I was brought up in Hong Kong, so my native language is Cantonese and it is the language that I speak at home. Growing up, I went through the local system throughout primary and middle school, then transferred to CIS in Year 10. It was an incredibly exciting first year at a new school since I was sent to study in Hangzhou for a year.

After primary school, my sole sports focus was on fencing, and I was a competitive fencer for 8 years. Though we have team divisions in fencing competitions, fencing is ultimately a solo sport and lack the element of team spirit. Hence, one of the reasons why I am drawn to ultimate frisbee is its team sports nature.

How did you get into ultimate frisbee and what made you take up the sport?

Born and raised in a traditional Chinese family, I was never very involved with western culture. And, before going to Hangzhou, I had never even heard of ultimate frisbee. When it was first introduced to me, I only thought of it as a recreational sport. My first encounter with a frisbee was with my friend, who later became the captain of CIS Ultimate Frisbee, and he dragged me to the field and started throwing a frisbee around with me. I still remember the astonished look on my face when I saw my friend made a long, smooth throw that landed right in my hands, while the most I could do was a wobbly throw that could only travel for five yards.

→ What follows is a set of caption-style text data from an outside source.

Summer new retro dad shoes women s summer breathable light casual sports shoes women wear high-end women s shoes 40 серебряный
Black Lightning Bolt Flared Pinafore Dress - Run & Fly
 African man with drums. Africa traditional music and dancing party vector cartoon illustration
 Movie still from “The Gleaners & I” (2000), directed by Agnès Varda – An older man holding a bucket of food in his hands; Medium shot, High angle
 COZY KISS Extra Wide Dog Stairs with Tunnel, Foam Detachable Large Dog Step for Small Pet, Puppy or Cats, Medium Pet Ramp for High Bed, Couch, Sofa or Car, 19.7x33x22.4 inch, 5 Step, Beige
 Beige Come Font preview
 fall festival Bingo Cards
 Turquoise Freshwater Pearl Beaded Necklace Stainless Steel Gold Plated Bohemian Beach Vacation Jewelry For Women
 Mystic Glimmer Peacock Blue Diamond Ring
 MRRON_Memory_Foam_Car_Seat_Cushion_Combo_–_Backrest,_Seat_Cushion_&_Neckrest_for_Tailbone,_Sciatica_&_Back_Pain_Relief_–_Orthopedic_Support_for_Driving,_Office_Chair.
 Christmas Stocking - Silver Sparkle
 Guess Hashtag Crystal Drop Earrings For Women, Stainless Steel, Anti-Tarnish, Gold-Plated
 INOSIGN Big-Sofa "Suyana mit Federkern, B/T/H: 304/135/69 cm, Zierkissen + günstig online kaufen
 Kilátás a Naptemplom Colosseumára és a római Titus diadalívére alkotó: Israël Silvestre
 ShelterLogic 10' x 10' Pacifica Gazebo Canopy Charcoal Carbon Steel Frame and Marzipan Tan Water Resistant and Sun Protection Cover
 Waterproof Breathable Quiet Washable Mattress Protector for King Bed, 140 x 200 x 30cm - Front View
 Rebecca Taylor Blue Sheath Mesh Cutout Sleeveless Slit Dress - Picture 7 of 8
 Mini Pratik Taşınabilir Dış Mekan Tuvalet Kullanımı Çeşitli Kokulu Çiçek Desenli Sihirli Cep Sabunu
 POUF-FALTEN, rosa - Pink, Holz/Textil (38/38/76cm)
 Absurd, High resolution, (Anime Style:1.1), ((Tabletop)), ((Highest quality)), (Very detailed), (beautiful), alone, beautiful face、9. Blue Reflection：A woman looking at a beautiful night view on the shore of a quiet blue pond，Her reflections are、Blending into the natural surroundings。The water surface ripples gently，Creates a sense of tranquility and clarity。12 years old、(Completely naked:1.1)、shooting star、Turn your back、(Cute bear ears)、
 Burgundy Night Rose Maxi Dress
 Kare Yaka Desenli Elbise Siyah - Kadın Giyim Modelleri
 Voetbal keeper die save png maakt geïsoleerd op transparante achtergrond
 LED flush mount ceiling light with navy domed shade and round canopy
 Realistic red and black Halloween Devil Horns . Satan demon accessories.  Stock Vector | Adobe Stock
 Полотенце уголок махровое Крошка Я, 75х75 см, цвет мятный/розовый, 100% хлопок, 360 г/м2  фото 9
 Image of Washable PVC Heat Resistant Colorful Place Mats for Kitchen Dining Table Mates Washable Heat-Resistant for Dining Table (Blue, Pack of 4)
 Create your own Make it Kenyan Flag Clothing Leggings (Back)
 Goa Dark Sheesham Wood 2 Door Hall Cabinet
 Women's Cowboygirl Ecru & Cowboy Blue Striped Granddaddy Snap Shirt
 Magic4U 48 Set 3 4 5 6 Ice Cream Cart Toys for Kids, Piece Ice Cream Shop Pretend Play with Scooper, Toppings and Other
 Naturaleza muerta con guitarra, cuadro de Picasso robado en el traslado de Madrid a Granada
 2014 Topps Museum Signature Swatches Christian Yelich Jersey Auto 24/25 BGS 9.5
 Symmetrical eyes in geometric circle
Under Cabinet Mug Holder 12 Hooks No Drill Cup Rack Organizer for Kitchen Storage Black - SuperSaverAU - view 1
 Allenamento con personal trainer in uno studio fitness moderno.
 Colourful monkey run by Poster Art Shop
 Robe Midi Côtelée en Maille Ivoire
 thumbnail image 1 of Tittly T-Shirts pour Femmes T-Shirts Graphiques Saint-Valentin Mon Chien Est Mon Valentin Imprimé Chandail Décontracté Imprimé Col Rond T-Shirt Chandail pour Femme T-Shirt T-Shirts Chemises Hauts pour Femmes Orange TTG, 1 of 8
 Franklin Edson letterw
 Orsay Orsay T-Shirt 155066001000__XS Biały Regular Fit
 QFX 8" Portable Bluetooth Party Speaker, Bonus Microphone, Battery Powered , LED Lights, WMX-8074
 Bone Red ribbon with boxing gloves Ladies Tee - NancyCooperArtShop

Ever since I learnt the basics of the sport, my friends and I would race to the field and start throwing frisbee every break.

Eventually, an unofficial frisbee team was established in Hangzhou. Though we had no coaches, we were committed and disciplined to run our own practices. After a few months, the team got a little ambitious, and got a bid at an open tournament in Wuhan, where we would compete with adult teams. I was incredibly excited, as it would be an opportunity for me to play ultimate frisbee under a competitive atmosphere. However, I did not get selected for the tournament roster, and was told that I was not good enough to play for the school. I was disappointed, but it did not dissipate my enthusiasm and passion for my new sport.

Another reason that constantly motivates me is the special sentimental value that this particular sport encompasses. I was a new student to CIS, and it was especially difficult to make friends when English was not a language that I was used to. It was through running up and down the field and chasing a piece of round-shaped plastic that made me met some of my closest friends at CIS. And, all of these sentimental attachments are what drive me excelling in frisbee.

How often do you have to train to stay competitive?

When I was still a student at CIS, we had a 3 hour long team training once every week. And, I believe all of my teammates would say it was not enough practice for us to enter high level competitions.

After graduating from CIS, I started playing for adult club teams in Hong Kong. We would have practised once during the week nights and once on weekends, as well as one extra session for fitness training. So, overall, I would spend 5.5 hours on ultimate frisbee training on a weekly basis.

Ever since I knew I would be representing Hong Kong, I have upgraded the intensity and duration of both individual and team trainings. I aim to go to the gym 3 days a week for strength/fitness training, and two on-field trainings each week.

Ultimate frisbee is very much a team sport. Can you tell us about your team? How did you meet your teammates?

The Hong Kong U24 Mixed Team has a roster of 23 players, consisting of13 males and 9 girls. Among 23 players, 12 of them study and are based in Hong Kong, while the rest are international players who study and are based in United States, Canada, and United Kingdom.

Before the Hong Kong Team was official, I was already familiar with 1/3 of the team, since they were my teammates from CIS. And, 4 of them are actually from the same class as me.

During the process of putting together this team, the captains advertised the exciting opportunity to represent Hong Kong through Facebook, seeking both local and international players to attend try-outs. And, that’s how we were in touch with abroad players. Out of the 9 girls on the roster, only two girls are studying and based in Hong Kong.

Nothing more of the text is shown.